▶ **Required action**:
Please write out every line of the material, leaving out any picture.
%%
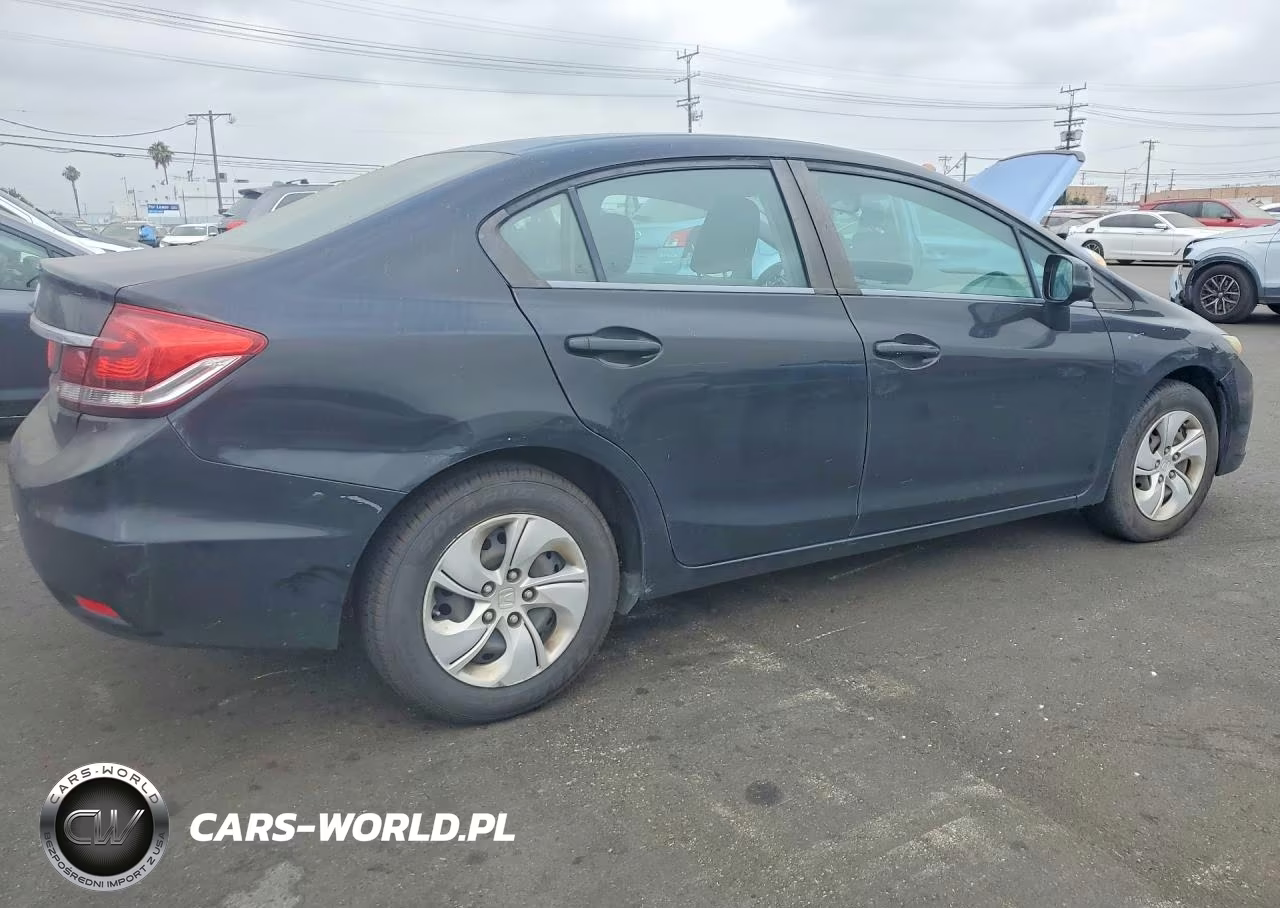 2013 Honda Civic Lx VIN:19XFB2F50DE263153 - 3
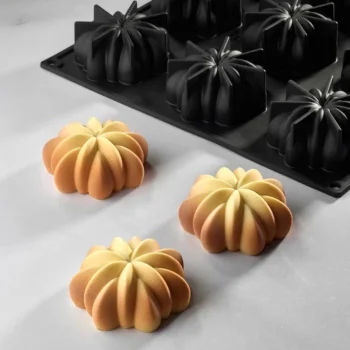 Professional Single Portion Eclat Silicone Mold - Ø 80 mm × h 37 mm - 12 cavity - 110ml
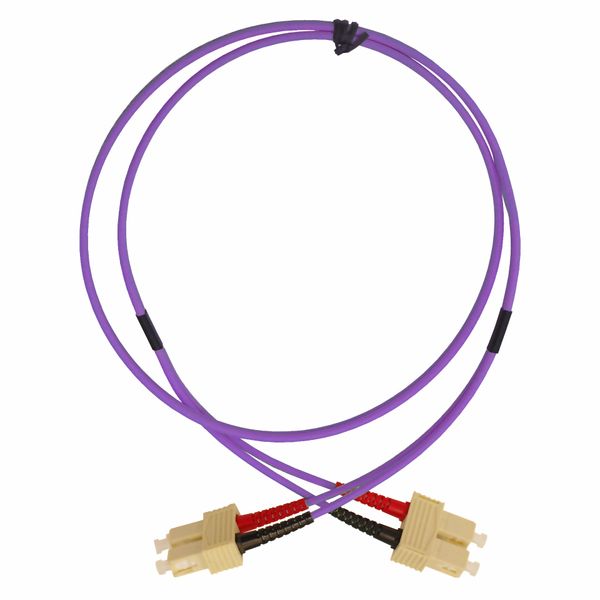 FO Patchcord Duplex SC/SC, 50/125æm OM4, LS0H-3,violet, 3.0m image 2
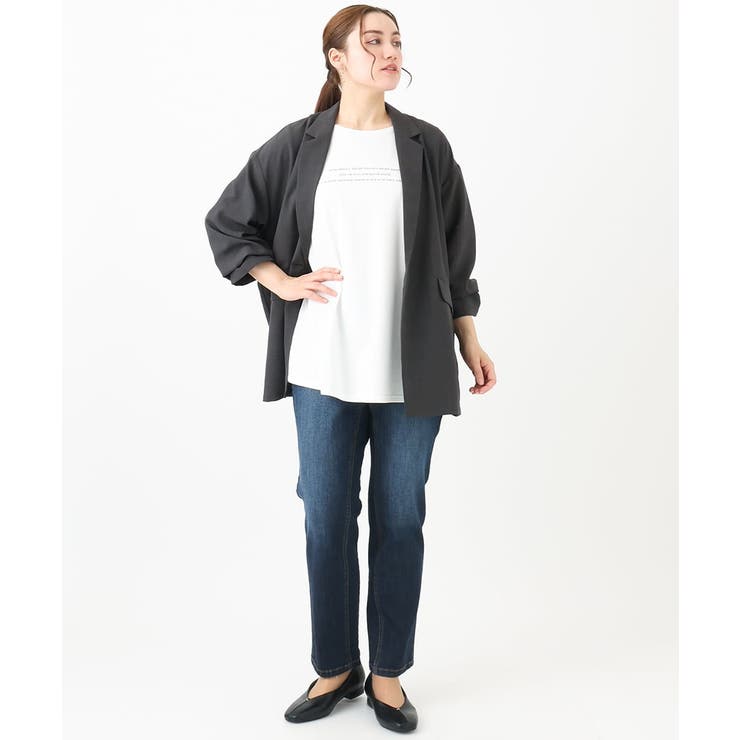 【大きいサイズ】タンブラーオックステーラードジャケット | eur3 | 詳細画像17 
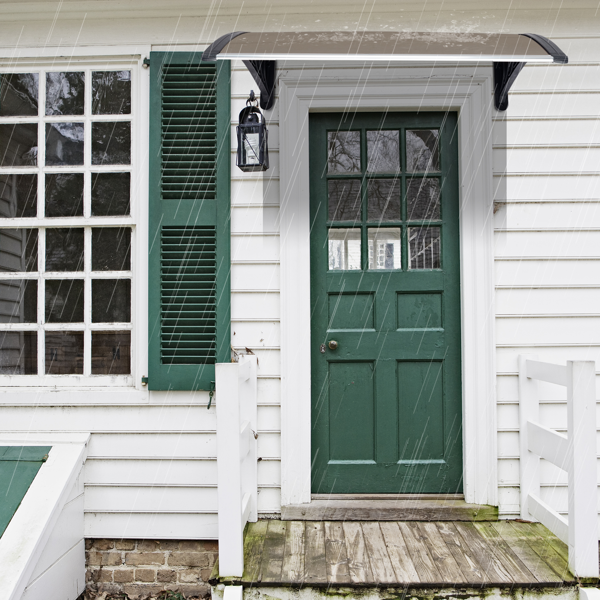 40*38in 棕色板黑色支架 雨篷 塑料支架 阳光板 前后铝条(27539880同编码）-23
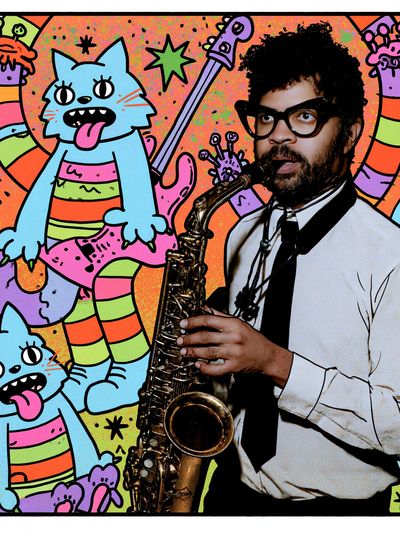 Prince Saxophone Pop-Art Poster.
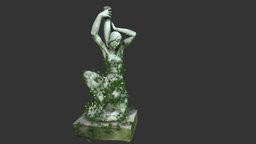 Statue 003 plant, plants, 3d-scan, rocks, vines, escultura, statue, estatua, stones, baroque, scupt, scupture, angle, statues, fontana, realitycapture, architecture, photogrammetry, asset, stone, gameasset, free, rock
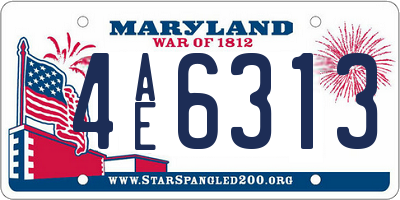 MD license plate 4AE6313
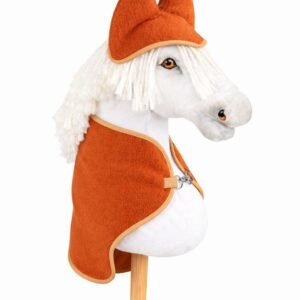 Rinkinys Hobby Horse A4 ir A5: flisinis pledas + naušnikai - imbiro spalvos
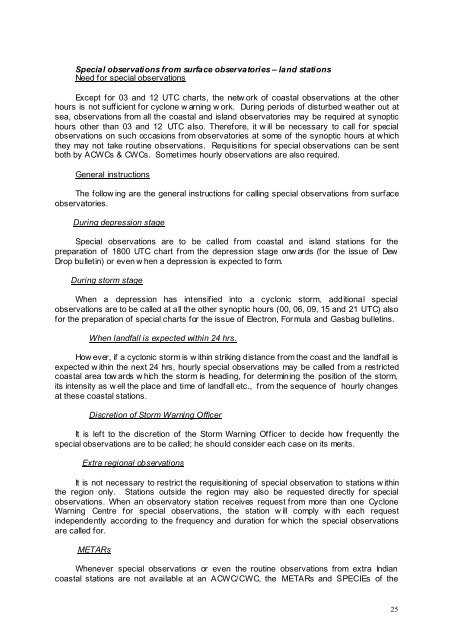 Forecasters Guide - (IMD), Pune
%%
▶ **Output of the task**:
 2013 Honda Civic Lx VIN:19XFB2F50DE263153 - 3
 Professional Single Portion Eclat Silicone Mold - Ø 80 mm × h 37 mm - 12 cavity - 110ml
 FO Patchcord Duplex SC/SC, 50/125æm OM4, LS0H-3,violet, 3.0m image 2
 【大きいサイズ】タンブラーオックステーラードジャケット | eur3 | 詳細画像17 
 40*38in 棕色板黑色支架 雨篷 塑料支架 阳光板 前后铝条(27539880同编码）-23
 Prince Saxophone Pop-Art Poster.
 Statue 003 plant, plants, 3d-scan, rocks, vines, escultura, statue, estatua, stones, baroque, scupt, scupture, angle, statues, fontana, realitycapture, architecture, photogrammetry, asset, stone, gameasset, free, rock
 MD license plate 4AE6313
 Rinkinys Hobby Horse A4 ir A5: flisinis pledas + naušnikai - imbiro spalvos
 Forecasters Guide - (IMD), Pune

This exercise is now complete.